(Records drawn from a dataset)
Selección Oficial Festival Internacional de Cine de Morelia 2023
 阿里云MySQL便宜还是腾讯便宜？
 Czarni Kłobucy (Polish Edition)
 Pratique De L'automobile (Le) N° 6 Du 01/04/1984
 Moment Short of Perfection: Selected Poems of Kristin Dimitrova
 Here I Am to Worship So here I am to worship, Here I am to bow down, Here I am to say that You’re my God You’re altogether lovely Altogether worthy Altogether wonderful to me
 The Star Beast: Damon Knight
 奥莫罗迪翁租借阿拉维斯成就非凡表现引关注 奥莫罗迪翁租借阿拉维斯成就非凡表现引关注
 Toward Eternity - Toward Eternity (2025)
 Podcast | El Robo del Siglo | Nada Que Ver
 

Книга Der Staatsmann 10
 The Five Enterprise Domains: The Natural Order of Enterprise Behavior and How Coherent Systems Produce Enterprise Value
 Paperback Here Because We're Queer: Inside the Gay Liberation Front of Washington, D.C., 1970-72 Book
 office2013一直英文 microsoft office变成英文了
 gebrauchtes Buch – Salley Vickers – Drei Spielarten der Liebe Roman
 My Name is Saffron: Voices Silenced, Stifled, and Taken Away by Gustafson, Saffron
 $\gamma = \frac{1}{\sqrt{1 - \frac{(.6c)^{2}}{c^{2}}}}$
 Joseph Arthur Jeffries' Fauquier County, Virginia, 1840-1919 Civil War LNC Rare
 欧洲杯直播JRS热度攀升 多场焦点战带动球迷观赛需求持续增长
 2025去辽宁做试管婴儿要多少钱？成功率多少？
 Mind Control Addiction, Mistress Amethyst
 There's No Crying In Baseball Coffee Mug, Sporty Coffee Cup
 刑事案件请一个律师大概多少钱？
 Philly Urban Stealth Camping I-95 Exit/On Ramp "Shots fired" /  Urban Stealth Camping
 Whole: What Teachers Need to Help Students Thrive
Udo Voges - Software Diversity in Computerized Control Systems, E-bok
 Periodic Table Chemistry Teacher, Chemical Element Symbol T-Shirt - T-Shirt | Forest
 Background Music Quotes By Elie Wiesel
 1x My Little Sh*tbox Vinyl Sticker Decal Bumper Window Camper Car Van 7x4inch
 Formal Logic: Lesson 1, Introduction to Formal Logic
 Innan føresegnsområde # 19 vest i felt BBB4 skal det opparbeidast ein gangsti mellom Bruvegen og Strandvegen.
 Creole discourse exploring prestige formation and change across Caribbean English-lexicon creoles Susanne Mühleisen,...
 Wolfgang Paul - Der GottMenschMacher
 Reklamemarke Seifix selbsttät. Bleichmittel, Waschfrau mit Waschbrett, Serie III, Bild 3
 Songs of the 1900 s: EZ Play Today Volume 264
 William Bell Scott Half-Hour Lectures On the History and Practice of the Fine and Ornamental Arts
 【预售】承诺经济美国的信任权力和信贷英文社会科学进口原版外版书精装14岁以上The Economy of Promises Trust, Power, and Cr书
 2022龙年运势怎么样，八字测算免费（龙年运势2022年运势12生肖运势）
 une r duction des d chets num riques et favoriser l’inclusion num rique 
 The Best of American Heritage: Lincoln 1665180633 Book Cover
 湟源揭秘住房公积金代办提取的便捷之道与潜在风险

▶ **Your instructions**: The data above should be reproduced in full and exactly.

▶ **Exercise result**:
Selección Oficial Festival Internacional de Cine de Morelia 2023
 阿里云MySQL便宜还是腾讯便宜？
 Czarni Kłobucy (Polish Edition)
 Pratique De L'automobile (Le) N° 6 Du 01/04/1984
 Moment Short of Perfection: Selected Poems of Kristin Dimitrova
 Here I Am to Worship So here I am to worship, Here I am to bow down, Here I am to say that You’re my God You’re altogether lovely Altogether worthy Altogether wonderful to me
 The Star Beast: Damon Knight
 奥莫罗迪翁租借阿拉维斯成就非凡表现引关注 奥莫罗迪翁租借阿拉维斯成就非凡表现引关注
 Toward Eternity - Toward Eternity (2025)
 Podcast | El Robo del Siglo | Nada Que Ver
 

Книга Der Staatsmann 10
 The Five Enterprise Domains: The Natural Order of Enterprise Behavior and How Coherent Systems Produce Enterprise Value
 Paperback Here Because We're Queer: Inside the Gay Liberation Front of Washington, D.C., 1970-72 Book
 office2013一直英文 microsoft office变成英文了
 gebrauchtes Buch – Salley Vickers – Drei Spielarten der Liebe Roman
 My Name is Saffron: Voices Silenced, Stifled, and Taken Away by Gustafson, Saffron
 $\gamma = \frac{1}{\sqrt{1 - \frac{(.6c)^{2}}{c^{2}}}}$
 Joseph Arthur Jeffries' Fauquier County, Virginia, 1840-1919 Civil War LNC Rare
 欧洲杯直播JRS热度攀升 多场焦点战带动球迷观赛需求持续增长
 2025去辽宁做试管婴儿要多少钱？成功率多少？
 Mind Control Addiction, Mistress Amethyst
 There's No Crying In Baseball Coffee Mug, Sporty Coffee Cup
 刑事案件请一个律师大概多少钱？
 Philly Urban Stealth Camping I-95 Exit/On Ramp "Shots fired" /  Urban Stealth Camping
 Whole: What Teachers Need to Help Students Thrive
Udo Voges - Software Diversity in Computerized Control Systems, E-bok
 Periodic Table Chemistry Teacher, Chemical Element Symbol T-Shirt - T-Shirt | Forest
 Background Music Quotes By Elie Wiesel
 1x My Little Sh*tbox Vinyl Sticker Decal Bumper Window Camper Car Van 7x4inch
 Formal Logic: Lesson 1, Introduction to Formal Logic
 Innan føresegnsområde # 19 vest i felt BBB4 skal det opparbeidast ein gangsti mellom Bruvegen og Strandvegen.
 Creole discourse exploring prestige formation and change across Caribbean English-lexicon creoles Susanne Mühleisen,...
 Wolfgang Paul - Der GottMenschMacher
 Reklamemarke Seifix selbsttät. Bleichmittel, Waschfrau mit Waschbrett, Serie III, Bild 3
 Songs of the 1900 s: EZ Play Today Volume 264
 William Bell Scott Half-Hour Lectures On the History and Practice of the Fine and Ornamental Arts
 【预售】承诺经济美国的信任权力和信贷英文社会科学进口原版外版书精装14岁以上The Economy of Promises Trust, Power, and Cr书
 2022龙年运势怎么样，八字测算免费（龙年运势2022年运势12生肖运势）
 une r duction des d chets num riques et favoriser l’inclusion num rique 
 The Best of American Heritage: Lincoln 1665180633 Book Cover
 湟源揭秘住房公积金代办提取的便捷之道与潜在风险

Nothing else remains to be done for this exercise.